Task instructions. Take the lines below from the one with "Holzperlen Jumbo Pack" through the one with "Bouclé Gingham Wool Blazer - Antonioli.eu" and retype them exactly. Include nothing else, and no pictures.

Material shown.
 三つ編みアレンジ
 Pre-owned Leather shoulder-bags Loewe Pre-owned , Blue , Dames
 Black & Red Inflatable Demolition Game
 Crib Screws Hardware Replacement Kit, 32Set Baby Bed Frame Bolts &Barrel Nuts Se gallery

--

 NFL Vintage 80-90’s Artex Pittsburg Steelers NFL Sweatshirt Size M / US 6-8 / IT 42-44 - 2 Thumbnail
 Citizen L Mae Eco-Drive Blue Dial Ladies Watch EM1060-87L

==

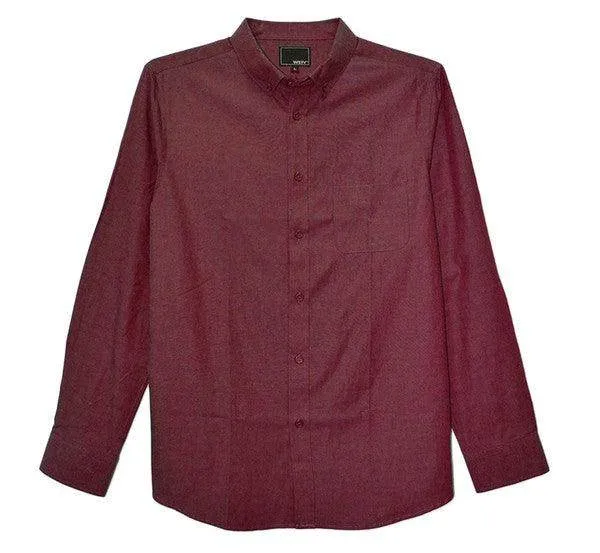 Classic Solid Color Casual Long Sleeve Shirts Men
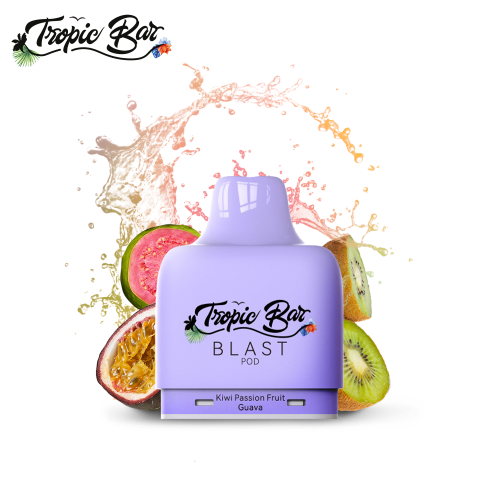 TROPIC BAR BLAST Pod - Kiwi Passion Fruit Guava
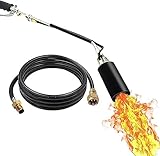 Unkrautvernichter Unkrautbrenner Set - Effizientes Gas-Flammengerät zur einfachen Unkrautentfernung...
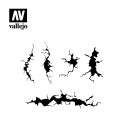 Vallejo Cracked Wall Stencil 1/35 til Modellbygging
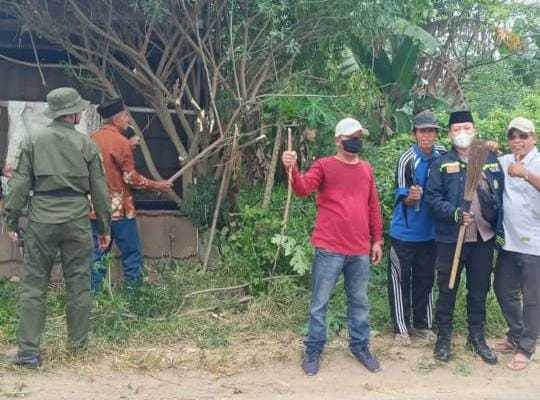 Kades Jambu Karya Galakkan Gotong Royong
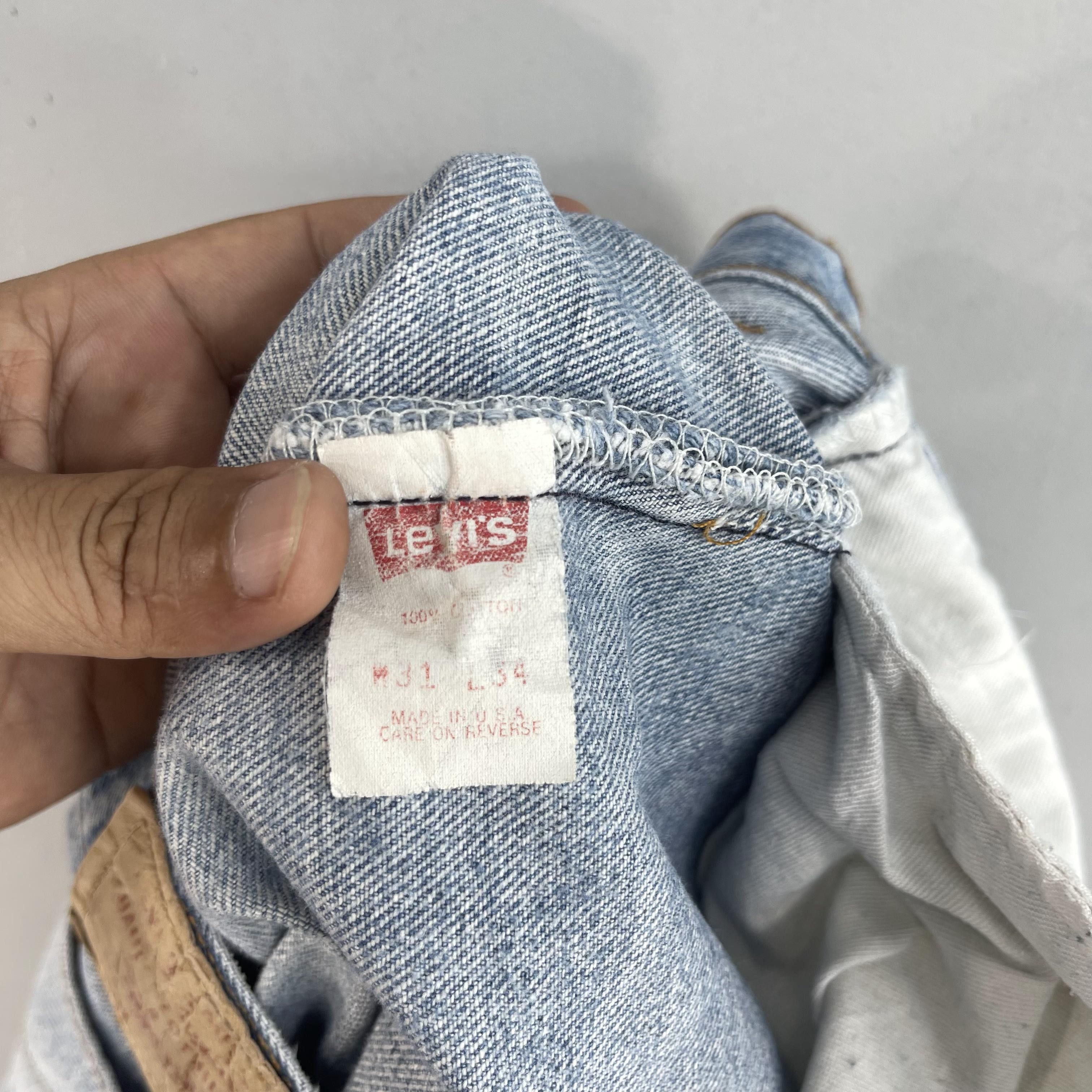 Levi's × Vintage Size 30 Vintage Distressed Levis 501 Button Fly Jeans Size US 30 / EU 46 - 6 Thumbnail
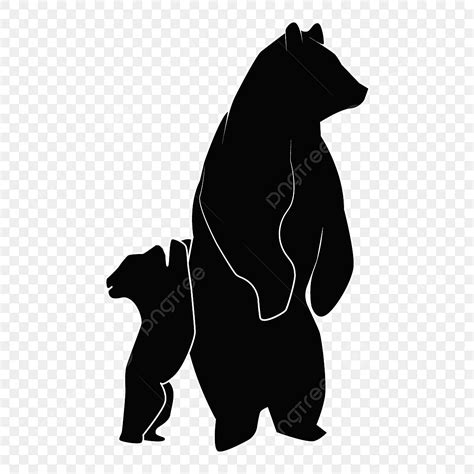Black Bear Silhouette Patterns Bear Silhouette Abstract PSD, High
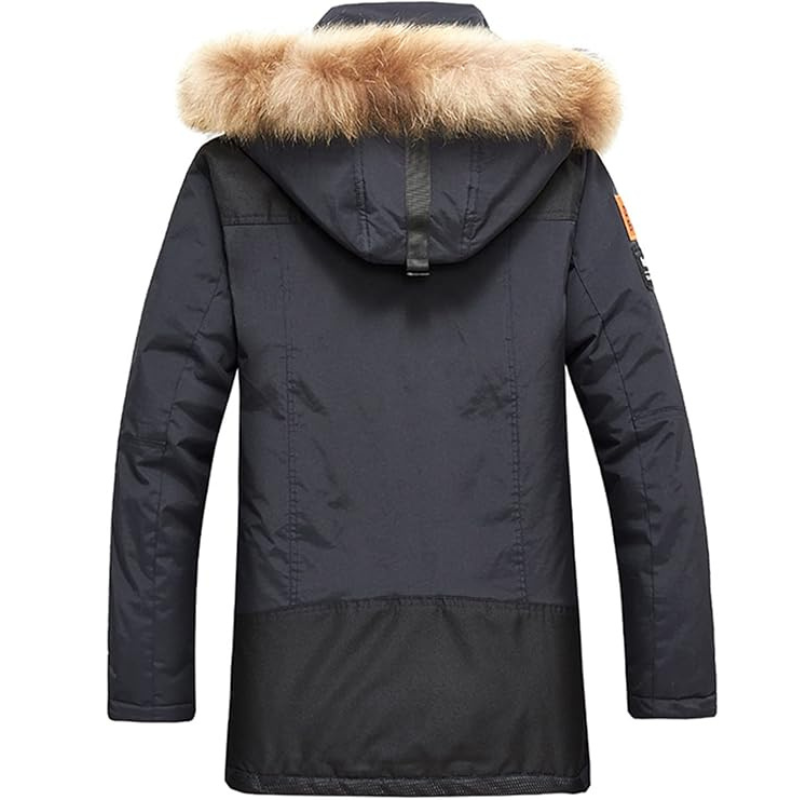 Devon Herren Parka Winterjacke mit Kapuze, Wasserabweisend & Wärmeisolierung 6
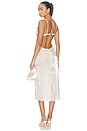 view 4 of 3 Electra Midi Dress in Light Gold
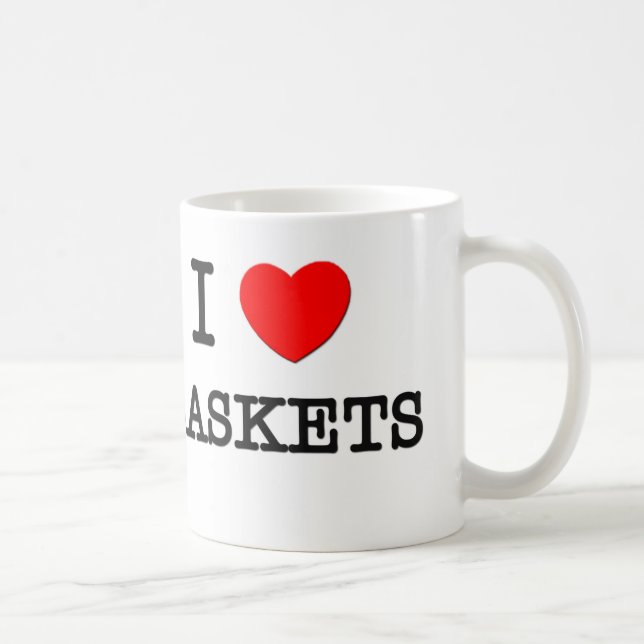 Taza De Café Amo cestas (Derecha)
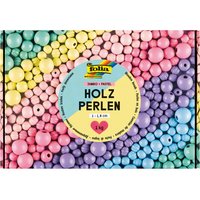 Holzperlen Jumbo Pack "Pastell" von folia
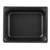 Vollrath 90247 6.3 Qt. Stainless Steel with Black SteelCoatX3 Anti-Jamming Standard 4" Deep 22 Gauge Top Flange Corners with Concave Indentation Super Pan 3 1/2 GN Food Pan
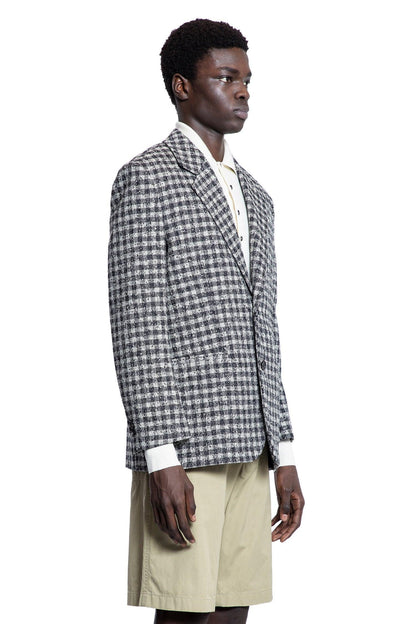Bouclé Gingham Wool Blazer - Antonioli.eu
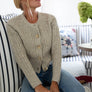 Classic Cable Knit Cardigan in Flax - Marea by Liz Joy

Task output.
 Holzperlen Jumbo Pack "Pastell" von folia
 Vollrath 90247 6.3 Qt. Stainless Steel with Black SteelCoatX3 Anti-Jamming Standard 4" Deep 22 Gauge Top Flange Corners with Concave Indentation Super Pan 3 1/2 GN Food Pan
Bouclé Gingham Wool Blazer - Antonioli.eu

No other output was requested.